------ Input material ------

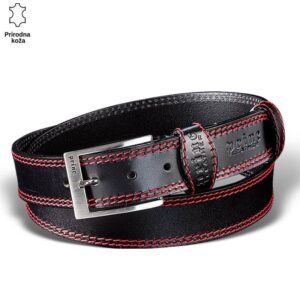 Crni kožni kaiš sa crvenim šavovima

------
------ Input material ------

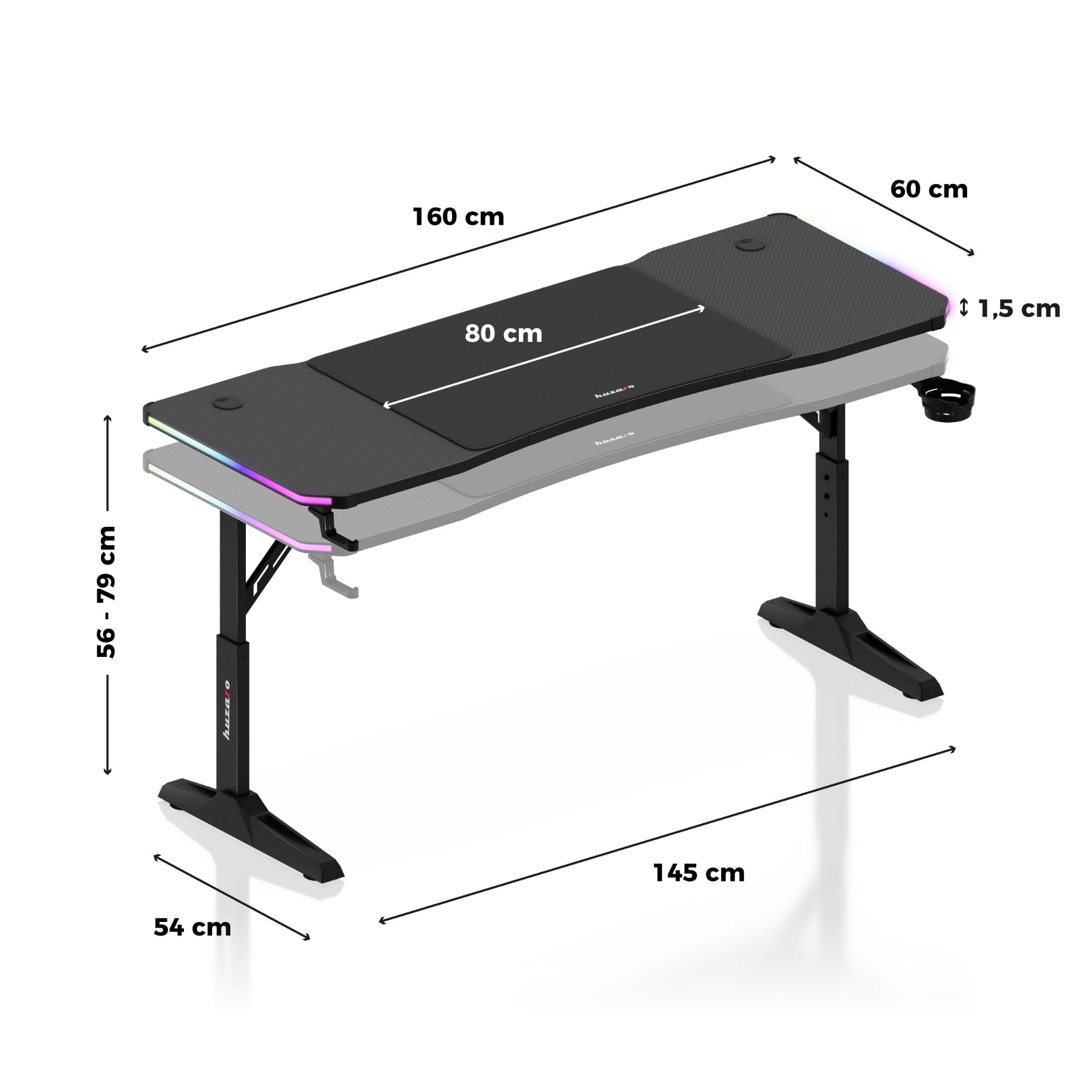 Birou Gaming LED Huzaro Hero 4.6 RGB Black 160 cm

------
------ Input material ------

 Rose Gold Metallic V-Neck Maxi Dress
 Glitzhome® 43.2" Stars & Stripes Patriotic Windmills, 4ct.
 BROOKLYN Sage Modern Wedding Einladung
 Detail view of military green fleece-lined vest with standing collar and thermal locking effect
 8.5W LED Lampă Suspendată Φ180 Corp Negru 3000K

------

» Directions: Starting at the line above that contains "Detail view of", repeat each line exactly up to and including the line that contains "8.5W LED Lampă", and stop there.

» Task result:
 Detail view of military green fleece-lined vest with standing collar and thermal locking effect
 8.5W LED Lampă Suspendată Φ180 Corp Negru 3000K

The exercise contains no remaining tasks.